§ Exercise: Your answer should consist only of the lines below from the one with "Solid White Opal Iridescent" through the one with "Chocolate Sourdough Breakfast", copied exactly.

+===+

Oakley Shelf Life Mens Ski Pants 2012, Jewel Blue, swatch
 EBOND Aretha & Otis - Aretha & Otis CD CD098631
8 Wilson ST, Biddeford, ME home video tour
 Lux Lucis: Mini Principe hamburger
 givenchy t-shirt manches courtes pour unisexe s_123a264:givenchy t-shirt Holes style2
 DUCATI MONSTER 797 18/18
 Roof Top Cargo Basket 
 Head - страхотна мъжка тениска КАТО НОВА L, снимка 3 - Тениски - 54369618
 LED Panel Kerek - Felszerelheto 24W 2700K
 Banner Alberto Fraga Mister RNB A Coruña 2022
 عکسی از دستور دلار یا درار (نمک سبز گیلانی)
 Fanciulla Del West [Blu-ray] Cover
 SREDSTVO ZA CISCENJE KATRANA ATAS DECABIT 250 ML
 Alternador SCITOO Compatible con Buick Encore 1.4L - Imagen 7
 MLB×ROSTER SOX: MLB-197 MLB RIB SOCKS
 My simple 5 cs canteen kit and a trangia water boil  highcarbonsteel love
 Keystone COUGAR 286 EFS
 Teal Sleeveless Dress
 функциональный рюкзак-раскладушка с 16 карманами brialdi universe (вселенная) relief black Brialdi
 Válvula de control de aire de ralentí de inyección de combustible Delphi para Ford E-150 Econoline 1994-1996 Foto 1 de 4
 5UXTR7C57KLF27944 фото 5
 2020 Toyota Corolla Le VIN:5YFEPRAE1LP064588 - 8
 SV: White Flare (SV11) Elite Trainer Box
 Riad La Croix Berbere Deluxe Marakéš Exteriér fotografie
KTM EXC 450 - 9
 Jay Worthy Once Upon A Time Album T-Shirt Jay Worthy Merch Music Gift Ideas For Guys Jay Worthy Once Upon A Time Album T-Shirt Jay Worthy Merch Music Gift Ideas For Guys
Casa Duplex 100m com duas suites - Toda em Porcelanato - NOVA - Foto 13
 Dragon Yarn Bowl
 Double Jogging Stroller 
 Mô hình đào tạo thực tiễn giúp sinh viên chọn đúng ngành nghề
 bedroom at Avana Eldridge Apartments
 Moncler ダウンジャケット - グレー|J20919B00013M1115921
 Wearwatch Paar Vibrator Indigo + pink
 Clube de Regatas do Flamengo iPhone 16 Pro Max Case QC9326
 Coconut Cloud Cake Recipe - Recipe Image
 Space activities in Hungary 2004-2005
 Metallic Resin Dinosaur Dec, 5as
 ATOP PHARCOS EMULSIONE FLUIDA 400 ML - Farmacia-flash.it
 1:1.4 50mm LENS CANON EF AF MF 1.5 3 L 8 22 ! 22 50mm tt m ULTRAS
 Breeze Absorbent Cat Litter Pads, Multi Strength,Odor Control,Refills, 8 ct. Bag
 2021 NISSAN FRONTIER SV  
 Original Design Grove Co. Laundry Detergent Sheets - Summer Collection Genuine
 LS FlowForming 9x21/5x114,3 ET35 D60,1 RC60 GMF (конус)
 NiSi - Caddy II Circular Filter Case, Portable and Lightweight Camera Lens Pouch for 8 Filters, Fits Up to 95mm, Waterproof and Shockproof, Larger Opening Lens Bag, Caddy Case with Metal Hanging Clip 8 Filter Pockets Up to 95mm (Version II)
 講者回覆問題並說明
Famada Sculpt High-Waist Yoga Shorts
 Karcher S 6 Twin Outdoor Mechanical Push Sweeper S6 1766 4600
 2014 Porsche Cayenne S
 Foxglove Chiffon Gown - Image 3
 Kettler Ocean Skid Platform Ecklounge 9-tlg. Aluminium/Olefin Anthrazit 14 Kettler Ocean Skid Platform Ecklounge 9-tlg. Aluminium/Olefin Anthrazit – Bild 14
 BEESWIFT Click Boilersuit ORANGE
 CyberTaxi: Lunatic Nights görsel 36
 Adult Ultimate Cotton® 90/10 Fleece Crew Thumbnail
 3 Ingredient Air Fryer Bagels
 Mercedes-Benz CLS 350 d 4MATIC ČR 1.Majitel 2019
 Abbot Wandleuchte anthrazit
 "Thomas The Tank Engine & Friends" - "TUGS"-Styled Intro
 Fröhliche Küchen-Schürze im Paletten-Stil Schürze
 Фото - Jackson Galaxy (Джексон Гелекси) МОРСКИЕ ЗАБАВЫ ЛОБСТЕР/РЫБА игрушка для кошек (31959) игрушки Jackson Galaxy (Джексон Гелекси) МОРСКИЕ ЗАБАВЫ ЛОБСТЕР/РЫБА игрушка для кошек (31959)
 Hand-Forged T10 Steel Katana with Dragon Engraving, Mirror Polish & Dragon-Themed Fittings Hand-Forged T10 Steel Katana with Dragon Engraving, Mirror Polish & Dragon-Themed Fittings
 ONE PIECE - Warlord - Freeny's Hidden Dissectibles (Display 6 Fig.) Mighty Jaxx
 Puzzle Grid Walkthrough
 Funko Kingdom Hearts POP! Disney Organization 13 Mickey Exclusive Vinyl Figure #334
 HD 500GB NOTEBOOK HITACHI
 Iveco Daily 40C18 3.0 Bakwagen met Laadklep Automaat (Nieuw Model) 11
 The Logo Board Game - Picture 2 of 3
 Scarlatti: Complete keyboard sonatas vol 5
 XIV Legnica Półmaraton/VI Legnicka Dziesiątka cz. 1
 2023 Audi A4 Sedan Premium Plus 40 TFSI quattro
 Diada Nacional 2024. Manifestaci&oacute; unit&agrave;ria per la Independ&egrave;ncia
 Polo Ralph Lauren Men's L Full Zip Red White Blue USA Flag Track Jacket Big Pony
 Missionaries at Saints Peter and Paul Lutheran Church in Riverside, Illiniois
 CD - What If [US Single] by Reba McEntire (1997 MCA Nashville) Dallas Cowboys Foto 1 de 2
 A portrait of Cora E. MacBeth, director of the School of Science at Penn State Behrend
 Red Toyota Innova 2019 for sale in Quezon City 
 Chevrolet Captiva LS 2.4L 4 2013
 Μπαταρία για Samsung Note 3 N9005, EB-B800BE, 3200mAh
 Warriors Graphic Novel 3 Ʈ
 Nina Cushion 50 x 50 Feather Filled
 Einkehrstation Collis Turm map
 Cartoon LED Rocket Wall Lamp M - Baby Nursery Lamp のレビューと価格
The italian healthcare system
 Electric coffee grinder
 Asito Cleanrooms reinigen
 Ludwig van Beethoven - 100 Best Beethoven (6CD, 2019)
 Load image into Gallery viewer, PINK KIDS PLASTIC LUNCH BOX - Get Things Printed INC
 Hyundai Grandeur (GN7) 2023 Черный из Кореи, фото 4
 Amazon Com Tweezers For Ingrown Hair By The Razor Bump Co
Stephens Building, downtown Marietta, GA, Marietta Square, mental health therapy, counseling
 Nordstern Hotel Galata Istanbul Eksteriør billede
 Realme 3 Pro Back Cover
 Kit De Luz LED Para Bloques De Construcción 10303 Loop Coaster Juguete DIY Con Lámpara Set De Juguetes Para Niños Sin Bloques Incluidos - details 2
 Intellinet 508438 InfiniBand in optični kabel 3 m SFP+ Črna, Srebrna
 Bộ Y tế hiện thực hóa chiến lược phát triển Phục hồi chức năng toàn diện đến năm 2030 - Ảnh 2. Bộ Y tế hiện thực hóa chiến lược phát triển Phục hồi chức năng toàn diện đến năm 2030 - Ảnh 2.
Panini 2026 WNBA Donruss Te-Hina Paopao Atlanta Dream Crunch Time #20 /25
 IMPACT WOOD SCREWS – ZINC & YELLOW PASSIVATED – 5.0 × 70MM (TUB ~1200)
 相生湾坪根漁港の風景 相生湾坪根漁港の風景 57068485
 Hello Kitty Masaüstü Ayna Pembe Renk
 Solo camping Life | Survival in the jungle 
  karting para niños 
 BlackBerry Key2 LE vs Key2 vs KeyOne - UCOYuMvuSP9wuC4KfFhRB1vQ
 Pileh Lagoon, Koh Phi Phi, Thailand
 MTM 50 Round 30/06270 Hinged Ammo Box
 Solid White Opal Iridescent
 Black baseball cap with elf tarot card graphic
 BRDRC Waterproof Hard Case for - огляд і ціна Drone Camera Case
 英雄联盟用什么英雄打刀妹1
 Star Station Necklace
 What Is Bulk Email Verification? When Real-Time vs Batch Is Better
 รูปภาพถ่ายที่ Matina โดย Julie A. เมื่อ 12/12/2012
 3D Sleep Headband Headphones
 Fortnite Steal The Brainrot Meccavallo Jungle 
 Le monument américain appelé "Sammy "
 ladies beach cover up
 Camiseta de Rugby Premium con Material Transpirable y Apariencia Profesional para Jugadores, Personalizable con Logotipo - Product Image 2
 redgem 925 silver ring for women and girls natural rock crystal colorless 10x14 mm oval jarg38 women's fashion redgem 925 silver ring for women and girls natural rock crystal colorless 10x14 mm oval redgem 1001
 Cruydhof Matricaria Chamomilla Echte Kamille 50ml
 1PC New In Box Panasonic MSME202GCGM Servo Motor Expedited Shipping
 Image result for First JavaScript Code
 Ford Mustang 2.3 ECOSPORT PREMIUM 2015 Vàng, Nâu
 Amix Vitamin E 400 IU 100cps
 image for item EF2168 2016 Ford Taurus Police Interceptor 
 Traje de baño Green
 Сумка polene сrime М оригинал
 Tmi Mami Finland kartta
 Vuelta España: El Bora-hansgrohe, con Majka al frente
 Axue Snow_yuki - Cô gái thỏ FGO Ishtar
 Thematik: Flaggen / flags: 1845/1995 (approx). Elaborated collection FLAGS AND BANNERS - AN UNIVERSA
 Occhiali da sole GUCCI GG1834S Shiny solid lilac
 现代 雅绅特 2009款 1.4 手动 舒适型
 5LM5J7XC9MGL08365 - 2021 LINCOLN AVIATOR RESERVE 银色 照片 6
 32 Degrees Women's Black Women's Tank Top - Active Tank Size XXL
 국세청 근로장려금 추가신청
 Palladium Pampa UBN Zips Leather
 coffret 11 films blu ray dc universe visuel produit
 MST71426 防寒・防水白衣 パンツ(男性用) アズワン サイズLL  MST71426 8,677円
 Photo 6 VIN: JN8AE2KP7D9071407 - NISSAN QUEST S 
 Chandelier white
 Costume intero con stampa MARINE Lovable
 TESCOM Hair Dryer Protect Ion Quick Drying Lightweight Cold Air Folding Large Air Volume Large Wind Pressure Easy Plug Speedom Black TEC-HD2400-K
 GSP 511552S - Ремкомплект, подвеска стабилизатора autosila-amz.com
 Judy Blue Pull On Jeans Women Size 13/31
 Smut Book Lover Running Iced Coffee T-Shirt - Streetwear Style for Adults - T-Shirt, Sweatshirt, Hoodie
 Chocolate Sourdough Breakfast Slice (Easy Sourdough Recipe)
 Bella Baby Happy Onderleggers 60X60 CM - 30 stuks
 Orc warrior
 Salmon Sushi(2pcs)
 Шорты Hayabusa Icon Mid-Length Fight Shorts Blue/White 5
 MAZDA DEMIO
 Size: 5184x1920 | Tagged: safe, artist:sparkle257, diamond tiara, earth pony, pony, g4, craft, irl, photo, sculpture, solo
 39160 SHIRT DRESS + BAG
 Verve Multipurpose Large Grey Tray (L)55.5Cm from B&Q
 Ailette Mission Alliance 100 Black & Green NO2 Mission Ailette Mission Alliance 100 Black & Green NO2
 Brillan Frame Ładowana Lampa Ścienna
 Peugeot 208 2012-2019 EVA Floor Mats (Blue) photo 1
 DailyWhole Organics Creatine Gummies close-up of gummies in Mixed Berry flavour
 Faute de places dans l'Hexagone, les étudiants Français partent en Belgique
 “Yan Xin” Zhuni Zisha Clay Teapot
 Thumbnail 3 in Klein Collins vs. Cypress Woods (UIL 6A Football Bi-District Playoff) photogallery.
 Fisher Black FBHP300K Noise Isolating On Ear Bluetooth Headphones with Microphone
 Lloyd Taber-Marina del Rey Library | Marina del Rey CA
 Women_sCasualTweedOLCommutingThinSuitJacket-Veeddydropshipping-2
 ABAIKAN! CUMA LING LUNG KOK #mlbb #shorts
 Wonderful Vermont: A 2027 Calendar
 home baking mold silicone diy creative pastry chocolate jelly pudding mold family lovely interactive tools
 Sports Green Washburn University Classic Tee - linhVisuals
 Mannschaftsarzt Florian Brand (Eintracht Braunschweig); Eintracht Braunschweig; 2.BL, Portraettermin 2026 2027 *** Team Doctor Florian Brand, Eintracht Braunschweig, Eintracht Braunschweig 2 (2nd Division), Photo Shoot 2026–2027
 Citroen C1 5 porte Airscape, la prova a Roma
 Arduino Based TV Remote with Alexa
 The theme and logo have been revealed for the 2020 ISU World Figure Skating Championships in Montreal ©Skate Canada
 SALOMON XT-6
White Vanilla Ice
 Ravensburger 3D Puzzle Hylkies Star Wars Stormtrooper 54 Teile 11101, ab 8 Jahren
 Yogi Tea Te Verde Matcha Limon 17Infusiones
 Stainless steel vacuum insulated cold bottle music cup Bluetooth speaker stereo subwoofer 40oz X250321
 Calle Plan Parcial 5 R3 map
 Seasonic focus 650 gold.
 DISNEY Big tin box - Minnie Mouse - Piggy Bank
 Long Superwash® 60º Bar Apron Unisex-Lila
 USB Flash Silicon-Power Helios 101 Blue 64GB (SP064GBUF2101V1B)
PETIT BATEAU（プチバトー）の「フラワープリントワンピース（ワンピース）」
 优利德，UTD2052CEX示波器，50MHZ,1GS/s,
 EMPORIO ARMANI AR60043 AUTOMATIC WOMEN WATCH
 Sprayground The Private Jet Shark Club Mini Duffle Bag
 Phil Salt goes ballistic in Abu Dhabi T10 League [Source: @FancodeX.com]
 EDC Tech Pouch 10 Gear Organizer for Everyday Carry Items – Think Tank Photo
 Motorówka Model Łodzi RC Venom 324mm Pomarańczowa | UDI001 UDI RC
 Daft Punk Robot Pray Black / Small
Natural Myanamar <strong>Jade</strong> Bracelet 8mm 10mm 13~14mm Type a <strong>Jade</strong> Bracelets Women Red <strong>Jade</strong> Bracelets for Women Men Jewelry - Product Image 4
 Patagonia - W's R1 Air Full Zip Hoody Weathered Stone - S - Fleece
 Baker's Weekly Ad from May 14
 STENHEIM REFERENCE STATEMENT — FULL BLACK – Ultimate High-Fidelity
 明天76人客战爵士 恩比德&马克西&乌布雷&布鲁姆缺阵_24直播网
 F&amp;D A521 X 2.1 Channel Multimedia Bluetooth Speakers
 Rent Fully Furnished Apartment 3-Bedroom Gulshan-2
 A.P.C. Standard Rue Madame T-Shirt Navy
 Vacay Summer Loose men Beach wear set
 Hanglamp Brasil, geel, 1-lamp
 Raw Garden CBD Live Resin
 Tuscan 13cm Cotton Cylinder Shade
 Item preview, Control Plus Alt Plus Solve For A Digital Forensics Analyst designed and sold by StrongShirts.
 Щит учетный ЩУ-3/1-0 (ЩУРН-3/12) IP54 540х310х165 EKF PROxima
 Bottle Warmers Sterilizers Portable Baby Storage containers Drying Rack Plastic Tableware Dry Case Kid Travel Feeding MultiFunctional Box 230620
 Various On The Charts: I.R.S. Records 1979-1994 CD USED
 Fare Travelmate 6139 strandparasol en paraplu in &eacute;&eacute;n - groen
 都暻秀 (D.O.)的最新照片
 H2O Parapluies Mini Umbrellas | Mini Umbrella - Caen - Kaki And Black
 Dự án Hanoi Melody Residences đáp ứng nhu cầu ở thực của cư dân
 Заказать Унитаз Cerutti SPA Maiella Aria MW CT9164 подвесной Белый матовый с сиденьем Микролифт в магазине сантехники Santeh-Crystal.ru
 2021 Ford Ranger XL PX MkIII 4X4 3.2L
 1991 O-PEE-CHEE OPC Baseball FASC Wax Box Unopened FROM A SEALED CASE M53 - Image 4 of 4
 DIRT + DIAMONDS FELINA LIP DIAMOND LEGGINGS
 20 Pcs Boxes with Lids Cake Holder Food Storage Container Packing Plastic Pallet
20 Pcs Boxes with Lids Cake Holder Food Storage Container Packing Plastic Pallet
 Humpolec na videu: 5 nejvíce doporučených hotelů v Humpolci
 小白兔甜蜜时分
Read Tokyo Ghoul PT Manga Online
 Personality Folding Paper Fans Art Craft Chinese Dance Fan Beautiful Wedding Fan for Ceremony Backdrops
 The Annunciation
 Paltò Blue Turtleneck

+===+

§ Solution to this exercise:
 Solid White Opal Iridescent
 Black baseball cap with elf tarot card graphic
 BRDRC Waterproof Hard Case for - огляд і ціна Drone Camera Case
 英雄联盟用什么英雄打刀妹1
 Star Station Necklace
 What Is Bulk Email Verification? When Real-Time vs Batch Is Better
 รูปภาพถ่ายที่ Matina โดย Julie A. เมื่อ 12/12/2012
 3D Sleep Headband Headphones
 Fortnite Steal The Brainrot Meccavallo Jungle 
 Le monument américain appelé "Sammy "
 ladies beach cover up
 Camiseta de Rugby Premium con Material Transpirable y Apariencia Profesional para Jugadores, Personalizable con Logotipo - Product Image 2
 redgem 925 silver ring for women and girls natural rock crystal colorless 10x14 mm oval jarg38 women's fashion redgem 925 silver ring for women and girls natural rock crystal colorless 10x14 mm oval redgem 1001
 Cruydhof Matricaria Chamomilla Echte Kamille 50ml
 1PC New In Box Panasonic MSME202GCGM Servo Motor Expedited Shipping
 Image result for First JavaScript Code
 Ford Mustang 2.3 ECOSPORT PREMIUM 2015 Vàng, Nâu
 Amix Vitamin E 400 IU 100cps
 image for item EF2168 2016 Ford Taurus Police Interceptor 
 Traje de baño Green
 Сумка polene сrime М оригинал
 Tmi Mami Finland kartta
 Vuelta España: El Bora-hansgrohe, con Majka al frente
 Axue Snow_yuki - Cô gái thỏ FGO Ishtar
 Thematik: Flaggen / flags: 1845/1995 (approx). Elaborated collection FLAGS AND BANNERS - AN UNIVERSA
 Occhiali da sole GUCCI GG1834S Shiny solid lilac
 现代 雅绅特 2009款 1.4 手动 舒适型
 5LM5J7XC9MGL08365 - 2021 LINCOLN AVIATOR RESERVE 银色 照片 6
 32 Degrees Women's Black Women's Tank Top - Active Tank Size XXL
 국세청 근로장려금 추가신청
 Palladium Pampa UBN Zips Leather
 coffret 11 films blu ray dc universe visuel produit
 MST71426 防寒・防水白衣 パンツ(男性用) アズワン サイズLL  MST71426 8,677円
 Photo 6 VIN: JN8AE2KP7D9071407 - NISSAN QUEST S 
 Chandelier white
 Costume intero con stampa MARINE Lovable
 TESCOM Hair Dryer Protect Ion Quick Drying Lightweight Cold Air Folding Large Air Volume Large Wind Pressure Easy Plug Speedom Black TEC-HD2400-K
 GSP 511552S - Ремкомплект, подвеска стабилизатора autosila-amz.com
 Judy Blue Pull On Jeans Women Size 13/31
 Smut Book Lover Running Iced Coffee T-Shirt - Streetwear Style for Adults - T-Shirt, Sweatshirt, Hoodie
 Chocolate Sourdough Breakfast Slice (Easy Sourdough Recipe)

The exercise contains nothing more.